Eine Wirtschafts-NATO würde eben bedeuten, dass man über den Nordatlantik hinweg einen zollpolitischen Deal hat, der vor Überraschungen schützt. Die Trump-Zölle – und ihre bloße Androhung - haben dazu geführt, dass man den amerikanischen Markt eher mit amerikanischer Produktion bedient. Für Länder mit hohen Außenhandelsüberschüssen wie Österreich oder Deutschland ist diese Veränderung in der Struktur der Außenwirtschaft eine Bedrohung: Das kostet uns Wertschöpfung.
Der viel zitierte Inflation Reduction Act (IRA) der US-Regierung wird „maßlos überschätzt“, schreiben Sie. Warum?

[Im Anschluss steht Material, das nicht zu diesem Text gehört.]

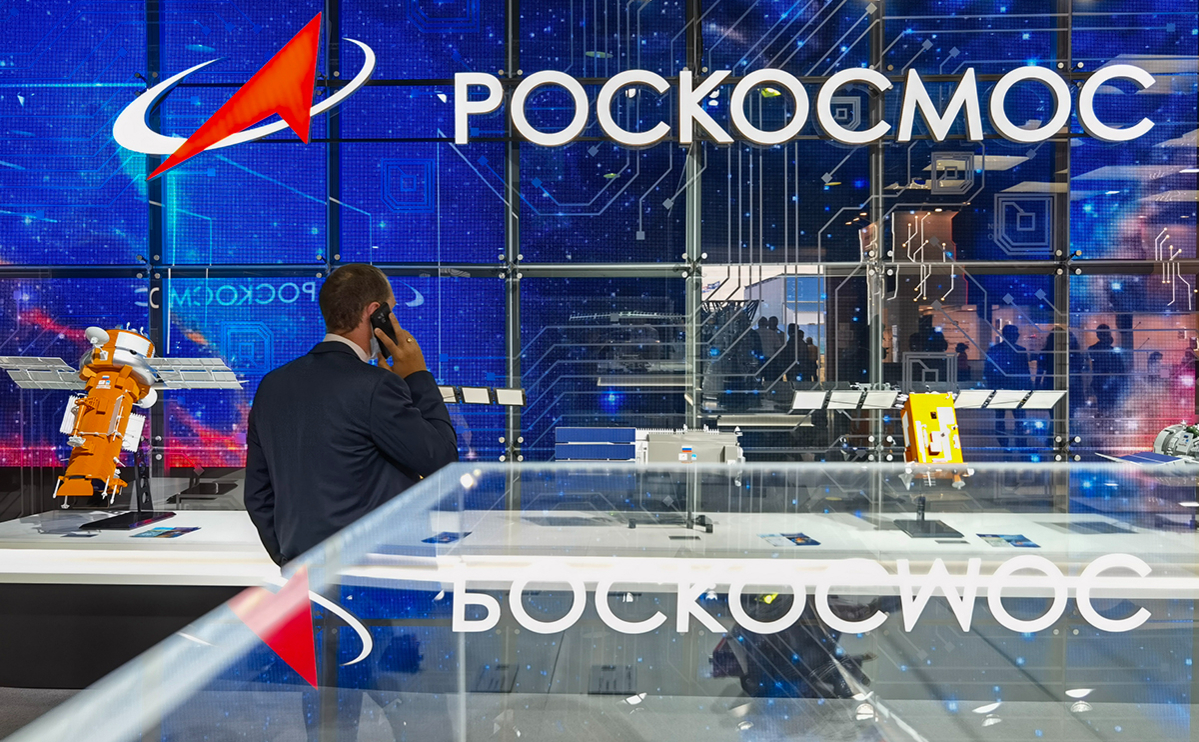 Рогозин заявил об очистке «Роскосмоса» от «родственных кланов»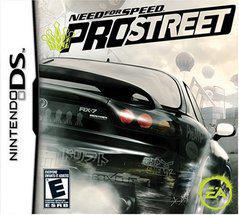 Need for Speed Pro Street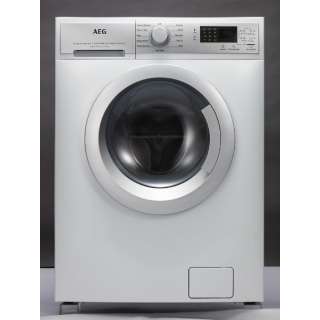 AWW12746-60HZ固有的洗衣烘干机AEG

Man sieht in den Daten noch keine wirkliche Belebung der gesamten Investitionstätigkeit in den USA. Aber man kann vermutlich sagen, dass ohne IRA die Deindustrialisierung der USA ungebrochen weitergegangen wäre. Aber es gibt ein Problem: Der IRA kostet sehr viel Geld, das fällt in der europäischen Diskussion meist unter den Tisch. Die USA haben fast sieben Prozent Budgetdefizit, und das läuft munter weiter so. Die Industriepolitik wird auf Pump finanziert, die Amerikaner haben schon Probleme, langfristige Staatsschuldverschreibungen zu begeben. Ich weiß nicht, ob sich das unter Trump oder Harris ändern würde. Der IRA ist nicht die Wunderwaffe, die man in Europa kopieren sollte.
Wenn Trump noch einmal Präsident wird – womit ist handelspolitisch zu rechnen?
Er sagt es im Grunde in jeder Wahlkampfrede, und wir wissen inzwischen ja, dass er tut, was er ankündigt: Zu rechnen ist mit einem zehnprozentigen Zusatzzoll auf alles, gegenüber China noch einmal mit Verschärfungen. Wir wissen aber auch, dass er bereit ist, Zölle wieder wegzuverhandeln. In Europa hatte man unter Jean-Claude Juncker schon einmal eine Gegenwaffe: Gegen die angedrohten Autozölle von 25 Prozent hat man eine Digital-Sales-Tax (DST) in Stellung gebracht, die die amerikanischen Tech-Konzerne getroffen hätte. Am Ende kam es weder zu den Autozöllen noch zur DST. Eine solche Drohung hätte vermutlich heute eine noch höhere Relevanz als unter Trump 1.0.